The main challenge of using computational tools to predict AOX and establishing trends on this activity arises from the chemical complexity of the processes involving these substances in biological environments. Such complexity is evident in the variety of ways of action that they might exhibit, and the diverse mechanisms involved in each of them, as discussed in the previous sections of this review. Investigating only one of them may not be enough to decide whether a candidate is likely to be an efficient antioxidant or not. Knowledge is frequently gained through small steps. Within the AOX context, this means that several studies may be required to make reliable predictions. Conclusions should be cautiously drawn from analyzing a limited aspect of antioxidants' chemistry. Conclusions should also be specifically stated. A candidate with a low BDE, or good for scavenging free radicals, is not necessarily a good antioxidant; it, or products yielded by its scavenging process, might have prooxidant effects. Any of them can be toxic or metabolized to toxic species, promote ˙OH production through reduction of redox metals involved in Fenton-like reactions, or modulate AOX-related enzymes in an adverse way. The opposite situation is also possible. A candidate with modest FRS may have OS-protective effects through a different route, or its metabolites can be suitable for scavenging free radicals. Another aspect to consider is the variety of oxidants that coexist in biological environments. Attention has been called to the need of including other than oxygenated ones in the modeling.³³⁰

Computational studies devoted to investigating reactions with O₂ are still scarce. At least two aspects of such reactions are directly related to antioxidant efficacy: (I) the chemical stability of the antioxidant candidate under air conditions and (II) the possible reaction between O₂ and the radicals formed after the FRS processes. The second one might produce ROO˙ species still capable of damaging biomolecules, especially lipids. Another phenomenon, rather unexplored so far using computational tools, is the possible synergy between antioxidants. This would be particularly important considering endogenously produced ones, such as glutathione, since they might be present in the same environment as the investigated molecule. Interactions between antioxidants and medical drugs is another area of research that requires further studies. Many OS-related diseases are multifactorial, which means that cocktail-like medications may involve antioxidants and other chemicals. Anticipating the effects of such interactions may help promote safer, more efficient, therapeutic regimes.

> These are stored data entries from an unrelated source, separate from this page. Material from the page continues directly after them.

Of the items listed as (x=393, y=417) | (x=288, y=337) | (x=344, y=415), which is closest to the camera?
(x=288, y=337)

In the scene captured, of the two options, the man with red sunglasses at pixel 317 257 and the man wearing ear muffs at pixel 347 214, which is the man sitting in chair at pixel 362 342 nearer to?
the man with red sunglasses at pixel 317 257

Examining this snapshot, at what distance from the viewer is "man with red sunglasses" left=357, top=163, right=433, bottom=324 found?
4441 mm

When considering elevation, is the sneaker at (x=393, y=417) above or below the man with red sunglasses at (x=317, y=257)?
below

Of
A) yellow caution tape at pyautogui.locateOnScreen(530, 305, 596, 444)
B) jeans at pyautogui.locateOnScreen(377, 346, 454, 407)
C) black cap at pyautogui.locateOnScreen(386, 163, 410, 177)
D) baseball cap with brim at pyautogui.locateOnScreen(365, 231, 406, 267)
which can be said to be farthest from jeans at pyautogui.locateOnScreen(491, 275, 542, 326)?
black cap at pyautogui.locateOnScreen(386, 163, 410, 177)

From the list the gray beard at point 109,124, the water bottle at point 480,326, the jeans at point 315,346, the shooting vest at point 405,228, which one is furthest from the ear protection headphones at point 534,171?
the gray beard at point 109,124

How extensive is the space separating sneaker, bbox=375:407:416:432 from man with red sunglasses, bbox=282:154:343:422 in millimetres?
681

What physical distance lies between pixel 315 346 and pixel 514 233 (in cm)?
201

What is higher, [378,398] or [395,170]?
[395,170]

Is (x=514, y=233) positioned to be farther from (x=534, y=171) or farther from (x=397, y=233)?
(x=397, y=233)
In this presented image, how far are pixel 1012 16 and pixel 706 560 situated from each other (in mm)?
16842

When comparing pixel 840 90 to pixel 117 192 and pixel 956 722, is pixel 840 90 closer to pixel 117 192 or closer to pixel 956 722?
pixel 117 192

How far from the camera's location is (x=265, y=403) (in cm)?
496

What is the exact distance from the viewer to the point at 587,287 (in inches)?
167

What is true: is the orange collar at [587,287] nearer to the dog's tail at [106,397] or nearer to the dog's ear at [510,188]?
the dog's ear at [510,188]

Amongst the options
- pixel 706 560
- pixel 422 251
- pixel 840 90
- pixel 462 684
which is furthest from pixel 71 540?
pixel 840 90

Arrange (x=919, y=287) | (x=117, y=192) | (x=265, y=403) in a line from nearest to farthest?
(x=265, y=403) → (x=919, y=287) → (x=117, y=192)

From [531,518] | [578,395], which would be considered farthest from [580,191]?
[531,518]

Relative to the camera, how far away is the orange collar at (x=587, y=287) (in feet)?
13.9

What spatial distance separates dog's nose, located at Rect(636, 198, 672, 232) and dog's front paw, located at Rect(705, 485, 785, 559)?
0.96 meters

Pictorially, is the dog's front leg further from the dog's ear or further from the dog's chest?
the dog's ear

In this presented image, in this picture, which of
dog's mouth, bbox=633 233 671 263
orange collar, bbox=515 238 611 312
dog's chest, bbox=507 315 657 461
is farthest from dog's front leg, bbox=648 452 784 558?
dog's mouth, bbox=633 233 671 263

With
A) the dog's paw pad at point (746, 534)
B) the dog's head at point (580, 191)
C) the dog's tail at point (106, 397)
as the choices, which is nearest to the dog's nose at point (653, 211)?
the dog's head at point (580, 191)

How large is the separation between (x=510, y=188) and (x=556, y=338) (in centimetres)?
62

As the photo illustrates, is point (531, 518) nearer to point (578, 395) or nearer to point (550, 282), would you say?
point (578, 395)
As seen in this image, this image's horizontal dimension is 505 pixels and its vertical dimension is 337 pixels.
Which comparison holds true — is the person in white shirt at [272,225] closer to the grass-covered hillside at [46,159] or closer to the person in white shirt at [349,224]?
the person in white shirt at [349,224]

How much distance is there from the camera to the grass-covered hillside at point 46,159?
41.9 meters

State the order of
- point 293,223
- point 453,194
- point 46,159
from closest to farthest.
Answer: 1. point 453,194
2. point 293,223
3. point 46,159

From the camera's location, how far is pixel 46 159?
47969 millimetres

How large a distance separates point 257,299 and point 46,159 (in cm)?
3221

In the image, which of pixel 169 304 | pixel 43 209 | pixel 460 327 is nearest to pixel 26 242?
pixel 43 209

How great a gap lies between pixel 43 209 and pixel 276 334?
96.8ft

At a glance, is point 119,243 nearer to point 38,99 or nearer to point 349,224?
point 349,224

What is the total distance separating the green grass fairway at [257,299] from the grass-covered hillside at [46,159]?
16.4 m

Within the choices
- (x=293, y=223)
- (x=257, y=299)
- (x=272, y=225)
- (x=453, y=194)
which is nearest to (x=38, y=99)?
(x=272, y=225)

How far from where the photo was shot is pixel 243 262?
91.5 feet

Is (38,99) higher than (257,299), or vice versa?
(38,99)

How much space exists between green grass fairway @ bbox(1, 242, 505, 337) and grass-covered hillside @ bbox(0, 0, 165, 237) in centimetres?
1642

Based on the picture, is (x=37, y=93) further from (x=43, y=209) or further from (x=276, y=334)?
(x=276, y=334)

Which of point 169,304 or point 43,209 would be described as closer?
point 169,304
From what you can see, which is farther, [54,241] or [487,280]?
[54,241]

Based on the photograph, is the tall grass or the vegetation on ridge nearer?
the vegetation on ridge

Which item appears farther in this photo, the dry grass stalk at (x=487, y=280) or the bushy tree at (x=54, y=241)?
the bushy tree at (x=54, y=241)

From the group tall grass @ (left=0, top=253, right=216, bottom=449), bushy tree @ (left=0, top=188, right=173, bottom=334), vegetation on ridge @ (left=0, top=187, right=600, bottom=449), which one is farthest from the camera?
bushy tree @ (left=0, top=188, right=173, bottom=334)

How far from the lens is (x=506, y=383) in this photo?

Solvation effects and protonation/deprotonation equilibria also modulate AOX. Thus, as challenging as it might be, it is recommended to consider them. The approach most frequently used to mimic solvent effects in electronic calculations is to use continuum solvent models. Although they have been proven to account for solvation rather accurately for a large variety of solutes and solvents, the effects of including explicit solvent molecules when investigating the chemistry of antioxidants still deserve to be explored further. This would be particularly important for molecules and free radicals that are likely to be involved in H bond interactions, in aqueous environments. When using quantum chemical-based approaches, it is unfeasible to include a large enough number of solvent molecules in the calculations, due to time consumption. However, it would be interesting to evaluate the influence of a few explicit water molecules, combined with a continuum model, on the results, for example, comparing calculated vs. experimental rate constants. Finding a way to include concentration effects in computational approaches is still an unsolved challenge, related to this topic.

Additionally, as with any other technique, uncertainties are associated with any level of theory used in computational chemistry. Therefore, validating the approach used is important to support the reliability of the predictions. The major challenge of theoretically predicting AOX can be summarized as follows: they require a picture as complete as possible of the overall chemistry of a candidate to propose it, within a reasonable level of certainty, as an antioxidant viable to reduce OS in living systems.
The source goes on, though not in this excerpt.